A quick introduction and tutorial on a cool social network analysis model for influence

2018/08/02

Social network is increasingly common in education (Sweet, 2016). Very often, social network analysis is used to create sociograms, or depictions of a network. I did this in a paper I recently co-authored (here is a pre-print), we worked hard to create this figure:

Such figures (we thought–and I think) look nice and they are often useful for understanding the characteristics of a network and the relations that are part of it. And to be sure, algorithms - models, in a sense - are used to place the nodes/vertices (the “points”) in the graph. But we want to go further by using models for specific patterns in the data, namely:

  1. Who has relationships with whom?
  2. How relationships have an impact in terms of an outcome?
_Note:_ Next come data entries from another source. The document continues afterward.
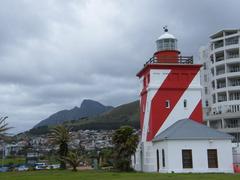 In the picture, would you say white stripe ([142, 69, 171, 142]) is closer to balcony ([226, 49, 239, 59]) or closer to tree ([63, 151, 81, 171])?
tree ([63, 151, 81, 171])

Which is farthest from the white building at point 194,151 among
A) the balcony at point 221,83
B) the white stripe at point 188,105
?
the balcony at point 221,83

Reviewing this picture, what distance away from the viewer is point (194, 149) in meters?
38.2

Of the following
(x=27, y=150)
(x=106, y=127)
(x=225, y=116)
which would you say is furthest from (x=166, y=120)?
(x=106, y=127)

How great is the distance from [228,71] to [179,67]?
39.7m

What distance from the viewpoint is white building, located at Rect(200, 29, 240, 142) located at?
256 ft

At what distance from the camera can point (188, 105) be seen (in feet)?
142

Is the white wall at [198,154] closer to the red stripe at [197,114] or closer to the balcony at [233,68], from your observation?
the red stripe at [197,114]

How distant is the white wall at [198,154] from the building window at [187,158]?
0.26 metres

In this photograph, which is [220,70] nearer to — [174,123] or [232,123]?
[232,123]

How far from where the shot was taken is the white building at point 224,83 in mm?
78125

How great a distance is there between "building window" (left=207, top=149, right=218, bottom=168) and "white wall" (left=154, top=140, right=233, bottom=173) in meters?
0.26

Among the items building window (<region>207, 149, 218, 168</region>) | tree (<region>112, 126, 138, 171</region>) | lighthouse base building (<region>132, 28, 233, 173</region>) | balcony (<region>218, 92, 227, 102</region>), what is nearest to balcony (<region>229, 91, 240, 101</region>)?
balcony (<region>218, 92, 227, 102</region>)

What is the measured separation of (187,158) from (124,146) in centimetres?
666

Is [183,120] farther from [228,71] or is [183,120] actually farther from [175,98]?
[228,71] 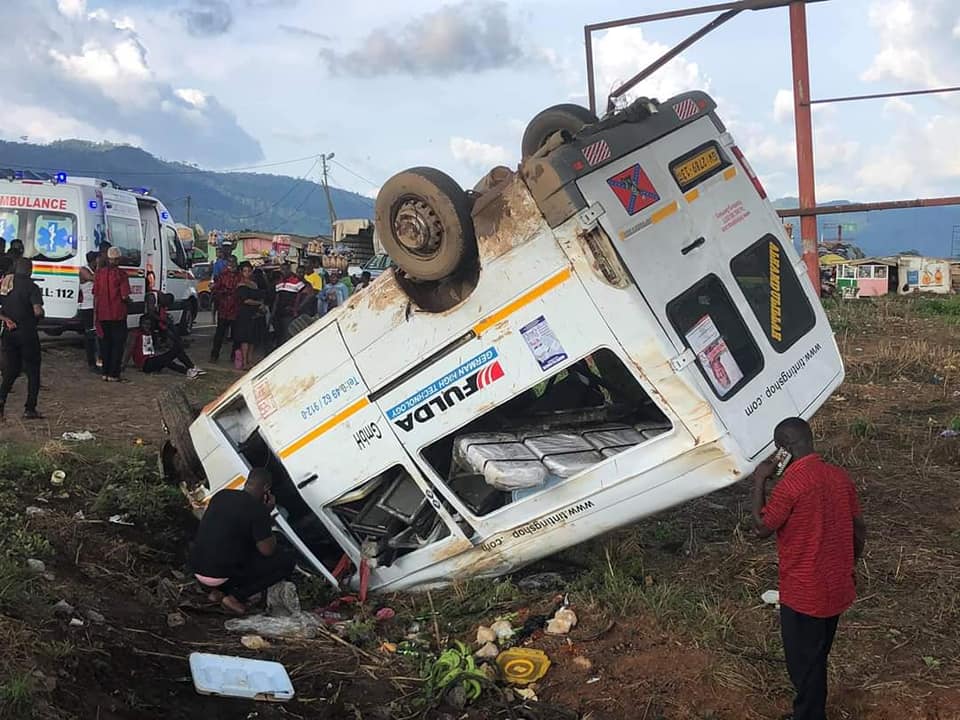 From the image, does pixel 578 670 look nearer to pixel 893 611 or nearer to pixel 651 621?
pixel 651 621

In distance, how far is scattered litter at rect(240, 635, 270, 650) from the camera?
445 centimetres

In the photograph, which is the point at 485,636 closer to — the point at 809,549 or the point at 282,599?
the point at 282,599

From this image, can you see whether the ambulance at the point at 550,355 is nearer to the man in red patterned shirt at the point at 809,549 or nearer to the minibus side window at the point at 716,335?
the minibus side window at the point at 716,335

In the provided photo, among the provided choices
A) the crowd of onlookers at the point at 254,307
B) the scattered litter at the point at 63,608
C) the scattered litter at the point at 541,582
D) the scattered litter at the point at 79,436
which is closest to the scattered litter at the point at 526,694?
the scattered litter at the point at 541,582

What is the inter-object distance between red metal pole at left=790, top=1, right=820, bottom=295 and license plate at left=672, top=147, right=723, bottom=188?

In this post, I wanted to share a bit on the second type, or an influence model. I first wrote this about a year ago and so had to stare at it for awhile until it makes sense (at least a bit–I take responsibility for any mistakes, glaring or otherwise), but I want to try to break this down, because I think it contains some cool ideas about influence:

\[ { y }_{ it2 }\quad =\quad \rho \sum _{ i'\quad =\quad 1 }^{ n }{ { w }_{ ii' }^{ } } { y }_{ i't1 }^{ }\quad +\quad { \gamma }_{ it1 }^{ }\quad +\quad { \varepsilon }_{ i }^{ } \]
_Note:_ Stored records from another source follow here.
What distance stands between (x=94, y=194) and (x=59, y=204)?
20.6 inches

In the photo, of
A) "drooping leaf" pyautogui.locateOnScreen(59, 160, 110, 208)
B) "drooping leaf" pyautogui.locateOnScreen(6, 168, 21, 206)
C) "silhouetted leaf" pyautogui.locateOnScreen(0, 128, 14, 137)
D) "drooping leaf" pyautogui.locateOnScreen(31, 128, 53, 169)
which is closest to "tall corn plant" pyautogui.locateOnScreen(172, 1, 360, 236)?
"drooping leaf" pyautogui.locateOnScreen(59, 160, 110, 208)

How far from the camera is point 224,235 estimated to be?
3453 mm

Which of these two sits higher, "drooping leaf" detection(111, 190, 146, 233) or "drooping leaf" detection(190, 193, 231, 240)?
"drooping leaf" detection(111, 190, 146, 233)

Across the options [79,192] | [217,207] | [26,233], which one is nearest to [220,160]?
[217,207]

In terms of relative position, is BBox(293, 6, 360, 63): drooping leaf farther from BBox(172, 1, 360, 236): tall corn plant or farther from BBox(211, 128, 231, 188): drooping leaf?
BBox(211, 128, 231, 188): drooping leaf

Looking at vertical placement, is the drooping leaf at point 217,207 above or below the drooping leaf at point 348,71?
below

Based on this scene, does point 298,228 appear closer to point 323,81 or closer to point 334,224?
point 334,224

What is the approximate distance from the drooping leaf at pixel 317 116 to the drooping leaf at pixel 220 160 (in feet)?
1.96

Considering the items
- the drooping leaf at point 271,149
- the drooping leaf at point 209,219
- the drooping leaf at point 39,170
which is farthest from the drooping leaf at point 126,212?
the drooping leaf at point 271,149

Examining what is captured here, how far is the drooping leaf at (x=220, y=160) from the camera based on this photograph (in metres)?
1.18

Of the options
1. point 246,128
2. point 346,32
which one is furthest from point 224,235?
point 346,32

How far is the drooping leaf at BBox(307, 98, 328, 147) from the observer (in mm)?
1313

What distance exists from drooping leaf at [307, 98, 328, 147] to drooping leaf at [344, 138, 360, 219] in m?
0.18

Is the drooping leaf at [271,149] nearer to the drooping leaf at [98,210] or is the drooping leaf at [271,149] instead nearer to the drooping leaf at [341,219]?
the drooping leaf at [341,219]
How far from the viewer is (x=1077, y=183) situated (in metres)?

Some outcome measured at a second time point (i.e., after a school year) for individual \(i\):

\[ { y }_{ it2 } \]

Is predicted by that individual’s first time point measure:

\[ { \gamma }_{ 1it_1 }^{ } \] A residual term:

\[ { \varepsilon }_{ i }^{ } \] And, importantly, an influence term:

\[ \sum _{ i'\quad =\quad 1 }^{ n }{ { w }_{ ii' }^{ } } { y }_{ i't1 }^{ }\quad \]

This behemoth needs more breaking down. \(\rho\) is just the coefficient, like \(\beta\) in a regression equation.

This part says something like, for individual \(i\), find all of the other individuals they have some relationship with.

\[ \sum _{ i'\quad =\quad 1 }^{ n } \]

From \(i' = 1\), or the first individual, up to, for an individual with ten relationships, so \(n = 10\) for example, to \(i' = 10\), do this:

\[ { { w }_{ ii' }^{ } } { y }_{ i't1 }^{ } \]

Multiply the weight, \(w\) of the relationship (i.e., how strong the relationship is or how many interactions there were) between \(i\) and \(i'\) by \(i'\)’s value on the outcome at time 1.

That’s really the (key to) the whole thing. The idea is that the influence term “captures” how your interactions with someone, over some period of time (between the first and second time points) impact some outcome. This model accounts for an individual’s initial report of the outcome, i.e., their time 1 prior value, so it is a model for change in some outcome.

It’s a big, highly-confusing model, but one that is super cool, because you can quantify “the network effect.” It’s also fundamentally a regression. That’s really it. All the work goes into calculating the influence term.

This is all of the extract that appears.